The abbreviation e.g. is used to provide an example:
• The restaurant has a wide variety of foods, e.g., vegetarian and non-vegetarian soups, Italian and French cuisine, and down-home American fare.
• He was accomplished at many sports (e.g., tennis, golf, baseball, and long distance runnning).
The abbreviation i.e. is used to restate an idea more clearly or offer more information.
• It happened in April, i.e., two months ago.
• A service charge is included in all prices; i.e., you don’t have to leave a tip.
Getting Them Wrong
Often mixing the abbreviations up does not mean your sentence is grammatically incorrect. However, getting them wrong will change the meaning of your sentence.

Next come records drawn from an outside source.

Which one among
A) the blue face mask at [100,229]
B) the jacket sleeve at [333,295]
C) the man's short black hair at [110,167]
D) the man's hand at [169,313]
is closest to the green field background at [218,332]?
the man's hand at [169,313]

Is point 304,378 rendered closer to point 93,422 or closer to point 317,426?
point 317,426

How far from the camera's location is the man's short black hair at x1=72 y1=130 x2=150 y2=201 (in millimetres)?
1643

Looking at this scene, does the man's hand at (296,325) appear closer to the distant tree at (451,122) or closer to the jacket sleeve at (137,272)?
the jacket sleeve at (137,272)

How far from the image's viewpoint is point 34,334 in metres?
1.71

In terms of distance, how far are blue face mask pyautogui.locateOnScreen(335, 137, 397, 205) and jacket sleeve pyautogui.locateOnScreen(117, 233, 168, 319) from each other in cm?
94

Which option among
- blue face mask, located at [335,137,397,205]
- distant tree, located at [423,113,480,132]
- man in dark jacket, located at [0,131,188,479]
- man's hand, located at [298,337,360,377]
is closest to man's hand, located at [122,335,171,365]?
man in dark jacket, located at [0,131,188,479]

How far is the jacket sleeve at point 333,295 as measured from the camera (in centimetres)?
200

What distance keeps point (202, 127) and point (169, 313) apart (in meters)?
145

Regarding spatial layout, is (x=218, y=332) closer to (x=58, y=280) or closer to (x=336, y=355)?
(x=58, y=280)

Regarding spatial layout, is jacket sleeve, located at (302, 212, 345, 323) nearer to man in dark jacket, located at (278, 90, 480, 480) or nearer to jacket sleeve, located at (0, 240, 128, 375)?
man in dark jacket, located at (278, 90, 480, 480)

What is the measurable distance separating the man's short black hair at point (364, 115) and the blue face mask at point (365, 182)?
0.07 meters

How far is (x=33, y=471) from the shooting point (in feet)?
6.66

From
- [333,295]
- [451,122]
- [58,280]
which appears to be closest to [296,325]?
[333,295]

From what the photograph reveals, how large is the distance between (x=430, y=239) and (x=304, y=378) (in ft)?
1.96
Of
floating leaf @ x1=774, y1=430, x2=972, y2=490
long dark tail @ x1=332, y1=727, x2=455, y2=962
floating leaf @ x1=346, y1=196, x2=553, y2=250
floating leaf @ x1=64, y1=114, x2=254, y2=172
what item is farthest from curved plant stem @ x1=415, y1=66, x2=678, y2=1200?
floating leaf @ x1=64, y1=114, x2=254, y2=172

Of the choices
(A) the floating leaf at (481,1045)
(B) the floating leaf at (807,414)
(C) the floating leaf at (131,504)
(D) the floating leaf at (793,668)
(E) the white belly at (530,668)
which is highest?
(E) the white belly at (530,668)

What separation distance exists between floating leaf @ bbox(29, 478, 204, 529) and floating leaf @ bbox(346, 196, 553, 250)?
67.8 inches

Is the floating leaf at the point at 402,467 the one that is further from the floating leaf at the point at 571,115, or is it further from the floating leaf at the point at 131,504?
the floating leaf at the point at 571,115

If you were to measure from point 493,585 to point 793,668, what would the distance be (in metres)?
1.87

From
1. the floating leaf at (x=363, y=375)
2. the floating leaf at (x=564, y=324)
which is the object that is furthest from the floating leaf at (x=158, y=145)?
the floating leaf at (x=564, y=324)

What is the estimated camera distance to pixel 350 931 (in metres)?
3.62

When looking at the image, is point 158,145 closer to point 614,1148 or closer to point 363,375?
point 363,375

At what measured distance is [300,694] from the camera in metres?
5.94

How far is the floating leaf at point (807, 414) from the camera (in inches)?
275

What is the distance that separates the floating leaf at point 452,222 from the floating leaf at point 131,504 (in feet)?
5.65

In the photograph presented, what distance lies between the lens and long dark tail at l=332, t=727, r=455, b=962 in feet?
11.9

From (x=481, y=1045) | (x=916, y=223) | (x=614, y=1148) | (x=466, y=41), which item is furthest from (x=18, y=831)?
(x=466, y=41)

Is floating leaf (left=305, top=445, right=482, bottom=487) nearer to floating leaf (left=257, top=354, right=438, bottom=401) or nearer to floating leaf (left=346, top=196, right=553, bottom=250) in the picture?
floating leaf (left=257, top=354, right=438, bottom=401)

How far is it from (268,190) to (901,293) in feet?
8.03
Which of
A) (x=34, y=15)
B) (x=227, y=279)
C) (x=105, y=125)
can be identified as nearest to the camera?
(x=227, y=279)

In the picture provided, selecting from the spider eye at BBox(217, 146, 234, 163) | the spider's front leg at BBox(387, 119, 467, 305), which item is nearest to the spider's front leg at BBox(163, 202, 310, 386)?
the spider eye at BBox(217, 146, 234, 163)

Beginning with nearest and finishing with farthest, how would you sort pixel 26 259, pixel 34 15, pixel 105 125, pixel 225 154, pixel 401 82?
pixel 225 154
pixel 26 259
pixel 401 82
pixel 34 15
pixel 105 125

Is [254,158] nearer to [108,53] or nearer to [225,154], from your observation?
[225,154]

• All amphibians are thriving in the new pond; e.g., the two bullfrogs were being very active yesterday.
• (This sentence is fine grammatically. From it, we infer that there are more amphibians than two bullfrogs in the pond.)
• All amphibians are thriving in the new pond; i.e., the two bullfrogs were being very active yesterday.
• (This sentence is fine grammatically. We infer that the only amphibians in the pond are the two bullfrogs.)
This may assist in remembering:
• e.g. = “example given”
• i.e. = “in effect”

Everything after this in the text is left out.